The new report had a lot of similar findings to the 2000 report, including who is burdened by poor access to dental care and poor oral health. Major takeaways cited from the report include:

  • Healthy behaviours can improve and maintain an individual’s oral health, but these behaviours are shaped by social and economic conditions, requiring interventions at that level.
  • Oral and medical conditions often share common risk factors, and just as medical conditions and their treatments can influence oral health, so can oral conditions and their treatments affect other health issues.
  • Group disparities around oral health, identified 20 years ago, have not been adequately addressed, and greater efforts are needed to tackle both the social and commercial determinants that create these inequities and the systemic biases that perpetuate them.
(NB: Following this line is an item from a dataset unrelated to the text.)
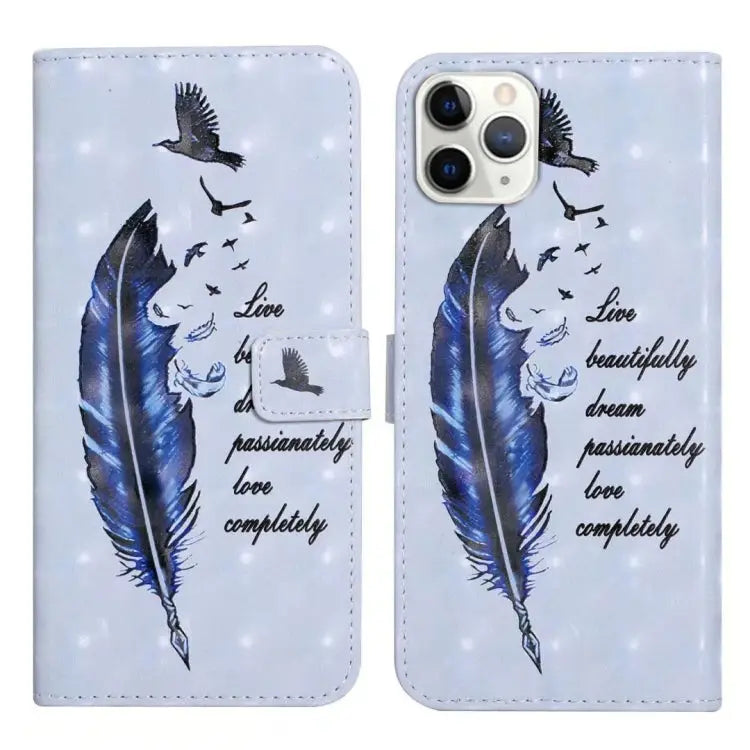 Oil Embossed 3D Drawing Leather Phone Case For iPhone 11 Pro For iPhone X / XS - For iPhone 11 Pro / Blue Feather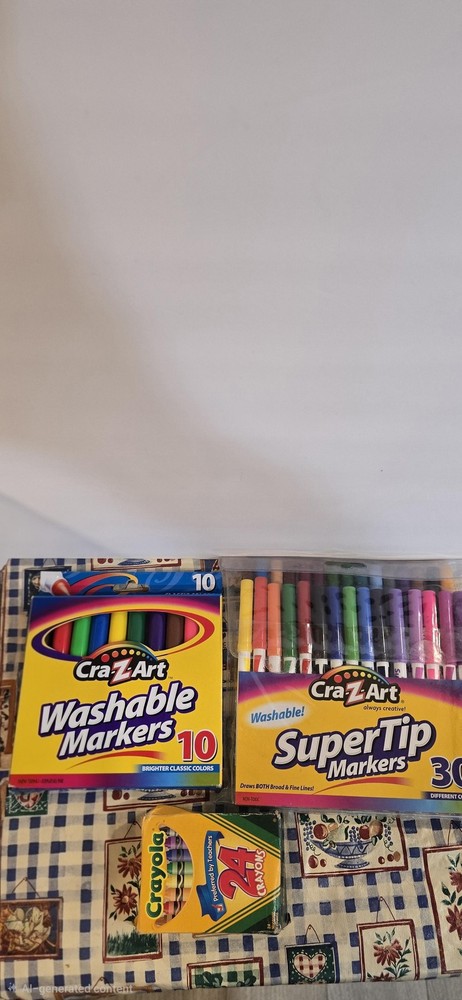 Cra-Z-Art Washable SuperTip & Broadline Markers Lot 40ct Multicolor Water-Based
“When comparing the two reports, it could look like we haven’t solved much of anything, but what we do have is much more clarity on what the issues are and how to address them in order to drive change more efficiently,” says Quiñonez. “We also have more desire for change than ever before, and that’s what’s really helpful. No one is arguing we need to blow up the oral health care system, but we need to address some of its major weaknesses. The report adds to this discussion and provides the science to help improve the current situation.”

Quiñonez notes that the section of the report he worked on specifically addresses the impacts that poor oral health and access to dental care have on vulnerable populations, the health care system and economy, and how the social and commercial determinants of health play a major role in determining these impacts, as well as how the oral health care system can respond more productively to address many of today’s challenges.

“The section of the report outlines the role that social and living conditions have on explaining differences in health and health behaviours between individuals and groups,” he says. “It’s also important that we understand what the oral health care system can do to improve the situation.”

He also highlights how “the commercial determinants of health can drive the consumption of things like sugar-sweetened beverages and other health-damaging products like e-cigarettes, meaning we have to put structural interventions in place.”

Some of these interventions could include adding taxes onto sugary products to minimize their consumption, like those that exist for tobacco and alcohol, which in turn can dissuade health-damaging behaviours. 

Quiñonez says the ideas presented in this report will become translated into academic articles, policy documents and can help shape research and education. While nothing to this extent has been completed in Canada, he says we can still take these learnings and apply them to the Canadian health care system and our national, provincial, and municipal contexts. 

“While the U.S. has a similar oral health care system to ours, it’s not the same,” Quiñonez says. “I would challenge colleagues to think of Canada-made solutions to similar problems. We need to address our own chronic challenges which I think can lead to really positive outcomes.”